LISTED ENTRIES ->
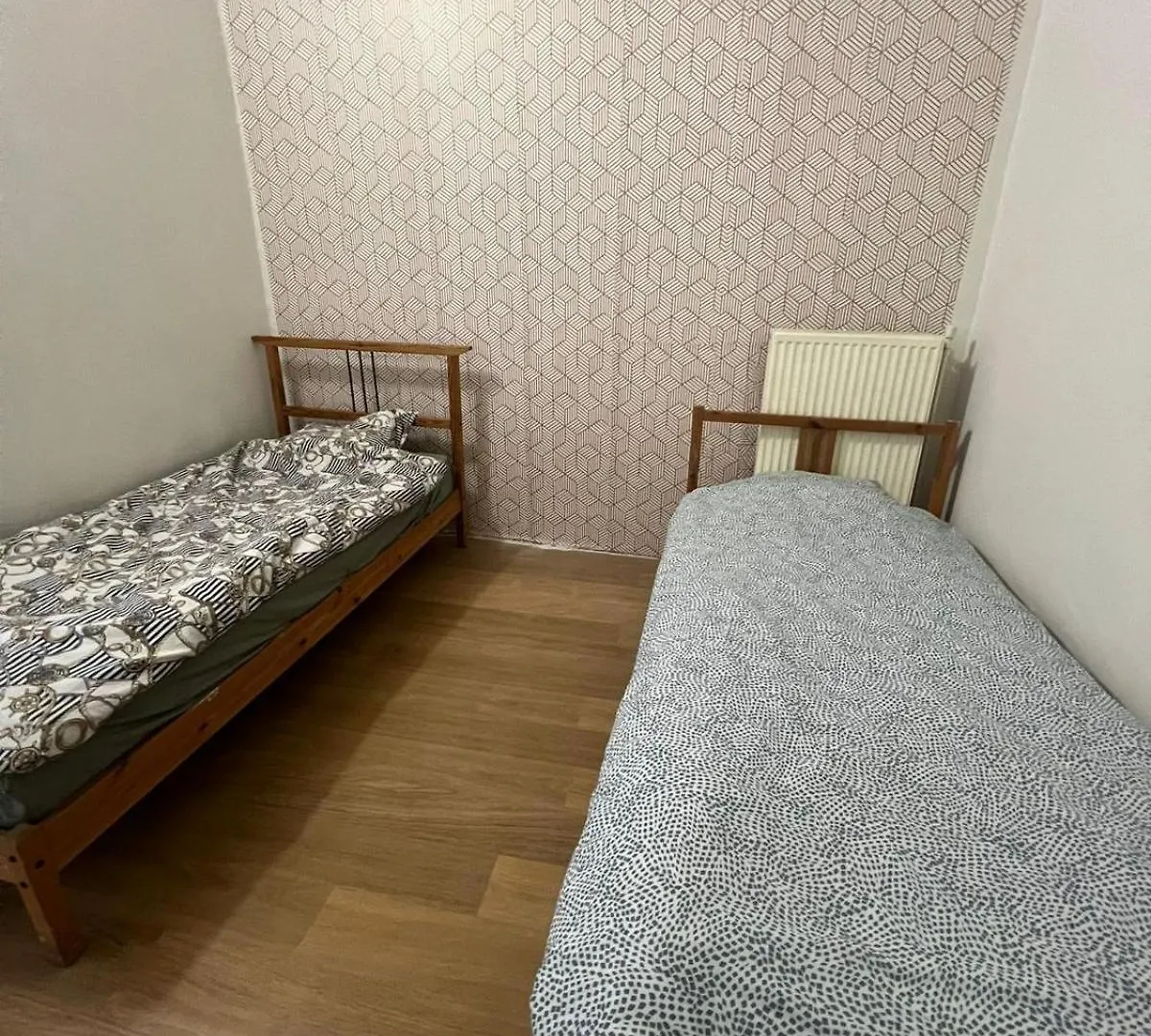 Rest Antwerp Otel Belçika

--

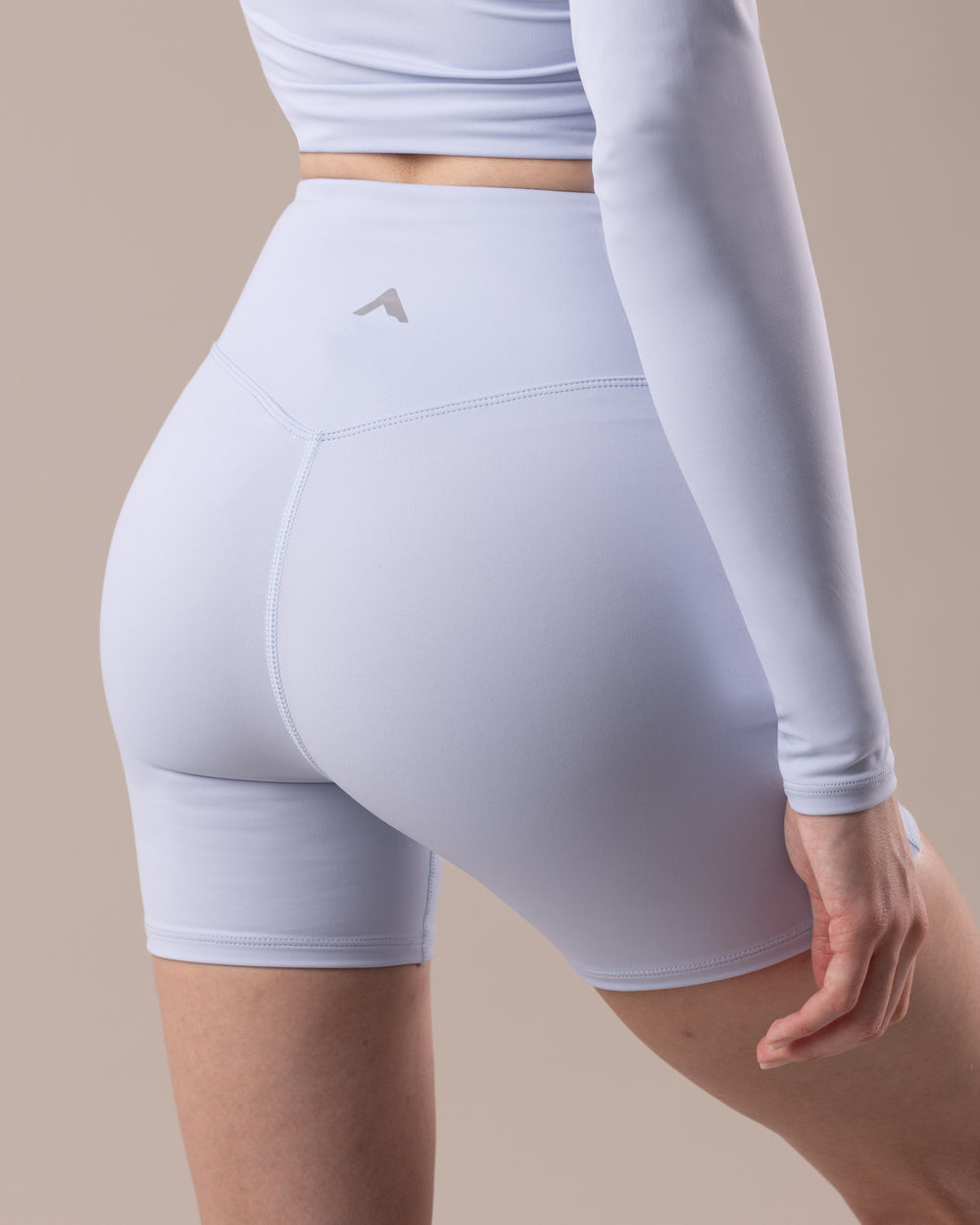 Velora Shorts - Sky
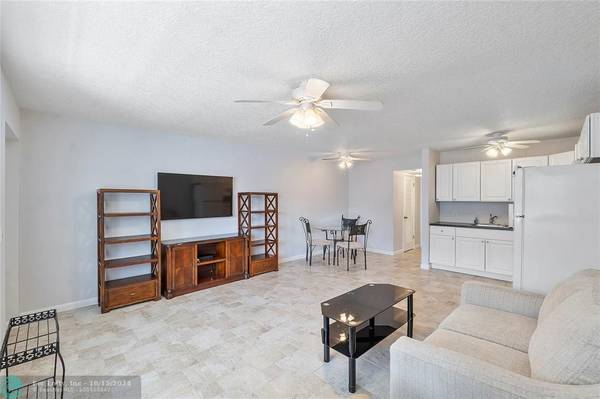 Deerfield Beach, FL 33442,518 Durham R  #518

TASK STATEMENT -> An exact copy is needed of the entries above, starting at the line that holds "Velora Shorts - Sky" and stopping at the line that holds "Deerfield Beach, FL", both kept; pictures stay out.

RESULT OF THIS TASK ->
 Velora Shorts - Sky
 Deerfield Beach, FL 33442,518 Durham R  #518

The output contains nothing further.